The entire Morgan Keegan private client group team — which includes its leadership, the branch managers and the 1,000-plus advisors (who are all in the employee channel) — will be operated as a separate unit.

And, Dennis Zank, recently promoted to chief operating officer at Raymond James Financial, will manage the integration of Morgan Keegan into Raymond James.

As for the deal itself, it will deliver $1.18 billion in proceeds to Morgan Keegan's parent company, Regions Financial. The deal includes a $930 million stock purchase agreement with Raymond James. Morgan Keegan will also pay a $250 million dividend to Regions before the deal closes. Regions will also indemnify Raymond James for Morgan Keegan's litigation issues, which is estimated at $210 million.

Raymond James also plans to pay up to $215 million in retention payments in a combination of cash and restricted stock units to certain Morgan Keegan employees. Those retention funds are set to include Morgan Keegan's management and brokerage and capital markets employees. RJ's private client group will total 6,147 with the deal, up from 5,113. And, RJA's FA force will be increased by 60%. Finally, Raymond James's ranking will jump to the seventh largest brokerage by assets under management with an estimated $326 billion, up from $256 billion.

The Real Deal
Several recruiters and consultants gave the deal favorable marks.

"They're not playing in the same ballpark as the wirehouses, but it's a ball park that they want to be in. They've found their niche in small towns...in a way more like an Edward Jones," said Manhattan-based recruiter Rich Schwarzkopf.

"The merger will work," added Los Angeles-based recruiter Mickey Wasserman, "unless they woefully underpay on a retention package. Everybody's taking a wait and see attitude right now, and I believe that there's a bit of relief that a private equity firm did not come into play. I think that this is a good marriage."

"It is a great buy for Raymond James, albeit at a steep price," said Charles "Chip" Roame, managing partner of Tiburon Strategic Advisors, the Tiburon, Ca.-based research and consulting firm. "While Raymond James will absorb much of the Morgan Keegan managerial infrastructure, complicated organizational structures like this have a way of clearing themselves up a year later as some people retire, move to companies, etc."

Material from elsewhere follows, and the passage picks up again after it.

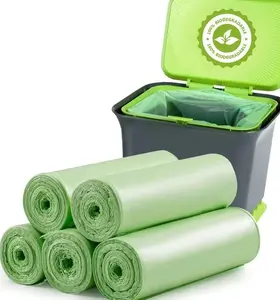 Deodorizing drawstring garbage bags, green and powerful garbage, disposable, multiple specifications available, mugworm-scented garbage bags suitable for office and bedroom trash cans, 150pca per roll of garbage bags. Household daily necessities.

In fact, even though the Morgan Keegan employees will come in as a separate unit, that leaves the rest of the Raymond James employee channel to Elwyn. In a statement following the deal's announcement, he said: "Morgan Keegan offers a strong private client business, one of the industry's top fixed income groups, and a significant equity capital markets division. While an addition of this size is a departure from our focus on organic growth supplemented by individual hires and small acquisitions, it is not a departure from our overall strategy. We have used strategic mergers to grow throughout our history when the timing and pricing are right and, most importantly, when there is a strong cultural fit and clear path for integration."